> **AIM OF THE TASK**: Keyword search on "Bags": report each line of the records that contains it.
(TASK MATERIAL begins)
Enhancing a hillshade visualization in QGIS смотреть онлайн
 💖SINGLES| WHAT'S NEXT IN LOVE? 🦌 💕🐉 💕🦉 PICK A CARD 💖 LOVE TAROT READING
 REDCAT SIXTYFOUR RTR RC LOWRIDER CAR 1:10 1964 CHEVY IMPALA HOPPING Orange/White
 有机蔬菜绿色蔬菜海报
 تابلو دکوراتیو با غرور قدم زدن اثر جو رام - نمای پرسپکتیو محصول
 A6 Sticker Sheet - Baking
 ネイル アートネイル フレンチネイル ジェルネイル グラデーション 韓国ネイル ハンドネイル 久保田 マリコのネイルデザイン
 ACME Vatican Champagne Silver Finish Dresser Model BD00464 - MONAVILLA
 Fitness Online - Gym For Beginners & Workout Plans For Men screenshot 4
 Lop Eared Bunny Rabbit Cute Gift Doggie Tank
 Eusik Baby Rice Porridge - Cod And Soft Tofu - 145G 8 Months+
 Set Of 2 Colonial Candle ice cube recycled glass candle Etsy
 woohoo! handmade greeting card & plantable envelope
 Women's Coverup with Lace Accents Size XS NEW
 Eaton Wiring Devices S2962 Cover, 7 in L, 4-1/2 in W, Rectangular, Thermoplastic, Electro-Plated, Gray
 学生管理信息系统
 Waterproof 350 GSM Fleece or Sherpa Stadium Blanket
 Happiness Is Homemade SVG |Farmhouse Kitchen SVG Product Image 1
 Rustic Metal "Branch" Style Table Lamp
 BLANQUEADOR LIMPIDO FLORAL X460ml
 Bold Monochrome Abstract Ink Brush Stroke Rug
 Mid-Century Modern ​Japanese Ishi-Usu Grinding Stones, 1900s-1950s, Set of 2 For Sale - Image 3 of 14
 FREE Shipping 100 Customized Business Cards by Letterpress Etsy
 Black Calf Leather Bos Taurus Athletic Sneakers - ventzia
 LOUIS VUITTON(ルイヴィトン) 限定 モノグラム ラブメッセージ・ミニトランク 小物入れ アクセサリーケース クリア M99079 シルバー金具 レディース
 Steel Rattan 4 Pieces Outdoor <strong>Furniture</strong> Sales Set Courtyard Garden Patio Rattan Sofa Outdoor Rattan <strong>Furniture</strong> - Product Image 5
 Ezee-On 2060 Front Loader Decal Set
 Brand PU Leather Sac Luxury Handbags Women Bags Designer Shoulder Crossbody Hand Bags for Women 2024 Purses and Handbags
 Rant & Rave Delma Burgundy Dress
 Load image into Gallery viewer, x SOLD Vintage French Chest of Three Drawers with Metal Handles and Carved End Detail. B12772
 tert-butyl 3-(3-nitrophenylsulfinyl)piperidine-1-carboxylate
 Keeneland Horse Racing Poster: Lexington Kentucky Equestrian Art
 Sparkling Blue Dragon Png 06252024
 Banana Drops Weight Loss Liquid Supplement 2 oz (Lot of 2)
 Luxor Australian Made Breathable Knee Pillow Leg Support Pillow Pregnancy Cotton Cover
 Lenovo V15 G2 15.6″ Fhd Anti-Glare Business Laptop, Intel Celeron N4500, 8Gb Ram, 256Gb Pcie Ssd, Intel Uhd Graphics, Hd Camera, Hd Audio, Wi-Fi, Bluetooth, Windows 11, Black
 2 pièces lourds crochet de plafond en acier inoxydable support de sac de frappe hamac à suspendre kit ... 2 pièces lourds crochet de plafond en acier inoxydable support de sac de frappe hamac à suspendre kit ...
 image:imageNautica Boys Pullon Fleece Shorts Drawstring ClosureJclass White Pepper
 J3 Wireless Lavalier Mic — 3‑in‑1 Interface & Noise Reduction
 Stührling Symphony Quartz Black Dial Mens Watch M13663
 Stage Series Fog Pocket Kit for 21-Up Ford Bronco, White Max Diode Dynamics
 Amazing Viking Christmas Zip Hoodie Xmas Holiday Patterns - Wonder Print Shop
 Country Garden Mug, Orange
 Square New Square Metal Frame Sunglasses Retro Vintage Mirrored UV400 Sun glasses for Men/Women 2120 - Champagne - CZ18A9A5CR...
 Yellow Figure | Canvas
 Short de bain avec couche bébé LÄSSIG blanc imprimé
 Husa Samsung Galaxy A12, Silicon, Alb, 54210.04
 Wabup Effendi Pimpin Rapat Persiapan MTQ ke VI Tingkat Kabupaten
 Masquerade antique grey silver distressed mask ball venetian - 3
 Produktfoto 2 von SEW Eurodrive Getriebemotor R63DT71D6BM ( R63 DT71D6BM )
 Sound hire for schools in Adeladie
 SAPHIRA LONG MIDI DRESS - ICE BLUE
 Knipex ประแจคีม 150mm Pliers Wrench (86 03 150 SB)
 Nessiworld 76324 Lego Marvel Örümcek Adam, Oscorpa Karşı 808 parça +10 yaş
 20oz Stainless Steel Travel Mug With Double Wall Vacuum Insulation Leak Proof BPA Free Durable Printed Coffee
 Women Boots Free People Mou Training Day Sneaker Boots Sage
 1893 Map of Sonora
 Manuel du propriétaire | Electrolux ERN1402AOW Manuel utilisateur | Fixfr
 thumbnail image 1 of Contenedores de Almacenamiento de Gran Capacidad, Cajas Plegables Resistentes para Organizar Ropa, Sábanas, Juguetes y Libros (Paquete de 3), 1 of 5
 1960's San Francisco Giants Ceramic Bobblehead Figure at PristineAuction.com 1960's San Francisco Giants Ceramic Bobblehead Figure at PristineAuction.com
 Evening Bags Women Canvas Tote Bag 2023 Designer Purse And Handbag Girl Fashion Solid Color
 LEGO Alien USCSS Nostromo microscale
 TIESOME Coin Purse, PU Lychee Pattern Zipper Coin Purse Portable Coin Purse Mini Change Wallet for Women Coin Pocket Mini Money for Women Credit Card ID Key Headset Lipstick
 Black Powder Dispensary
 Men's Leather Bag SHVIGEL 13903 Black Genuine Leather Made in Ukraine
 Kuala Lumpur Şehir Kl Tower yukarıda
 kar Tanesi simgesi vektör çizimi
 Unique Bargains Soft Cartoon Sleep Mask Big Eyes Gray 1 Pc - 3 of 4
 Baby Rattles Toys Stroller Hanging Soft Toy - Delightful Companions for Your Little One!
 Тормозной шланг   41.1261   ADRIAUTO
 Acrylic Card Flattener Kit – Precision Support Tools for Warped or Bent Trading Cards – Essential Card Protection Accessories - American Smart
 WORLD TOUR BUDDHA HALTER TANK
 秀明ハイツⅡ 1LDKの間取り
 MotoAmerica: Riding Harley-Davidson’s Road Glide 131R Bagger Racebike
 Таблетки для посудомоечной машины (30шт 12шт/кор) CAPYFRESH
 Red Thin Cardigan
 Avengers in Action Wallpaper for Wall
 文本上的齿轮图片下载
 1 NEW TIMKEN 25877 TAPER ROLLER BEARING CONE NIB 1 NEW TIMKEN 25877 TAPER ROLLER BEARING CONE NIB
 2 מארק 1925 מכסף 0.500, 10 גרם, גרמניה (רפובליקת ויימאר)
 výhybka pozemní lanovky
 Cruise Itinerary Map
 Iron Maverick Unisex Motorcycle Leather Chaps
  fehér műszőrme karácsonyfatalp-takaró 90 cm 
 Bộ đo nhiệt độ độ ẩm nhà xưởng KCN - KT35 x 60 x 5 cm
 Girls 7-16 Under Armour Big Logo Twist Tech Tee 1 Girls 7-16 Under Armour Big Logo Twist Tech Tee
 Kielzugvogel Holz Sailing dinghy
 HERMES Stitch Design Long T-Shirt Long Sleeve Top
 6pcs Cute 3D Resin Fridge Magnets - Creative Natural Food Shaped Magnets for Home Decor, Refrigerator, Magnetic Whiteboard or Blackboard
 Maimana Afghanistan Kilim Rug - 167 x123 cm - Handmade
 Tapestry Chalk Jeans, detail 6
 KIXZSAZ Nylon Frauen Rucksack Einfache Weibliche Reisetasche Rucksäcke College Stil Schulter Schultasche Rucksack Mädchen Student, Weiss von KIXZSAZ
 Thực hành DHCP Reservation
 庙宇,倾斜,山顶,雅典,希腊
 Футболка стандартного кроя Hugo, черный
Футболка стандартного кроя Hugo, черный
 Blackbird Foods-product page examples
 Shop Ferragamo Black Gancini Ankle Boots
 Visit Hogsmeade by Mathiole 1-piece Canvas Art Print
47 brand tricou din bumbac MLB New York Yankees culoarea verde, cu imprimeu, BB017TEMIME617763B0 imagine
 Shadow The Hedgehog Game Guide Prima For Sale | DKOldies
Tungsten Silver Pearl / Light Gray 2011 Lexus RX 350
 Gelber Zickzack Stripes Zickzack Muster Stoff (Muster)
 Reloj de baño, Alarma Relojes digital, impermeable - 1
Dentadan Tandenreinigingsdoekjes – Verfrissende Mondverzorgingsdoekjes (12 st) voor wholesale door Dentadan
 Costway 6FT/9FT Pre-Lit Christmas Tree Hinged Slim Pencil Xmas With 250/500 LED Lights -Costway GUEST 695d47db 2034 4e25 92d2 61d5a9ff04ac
(TASK MATERIAL ends)
> **SOLVED PROBLEM**:
 Brand PU Leather Sac Luxury Handbags Women Bags Designer Shoulder Crossbody Hand Bags for Women 2024 Purses and Handbags
 Evening Bags Women Canvas Tote Bag 2023 Designer Purse And Handbag Girl Fashion Solid Color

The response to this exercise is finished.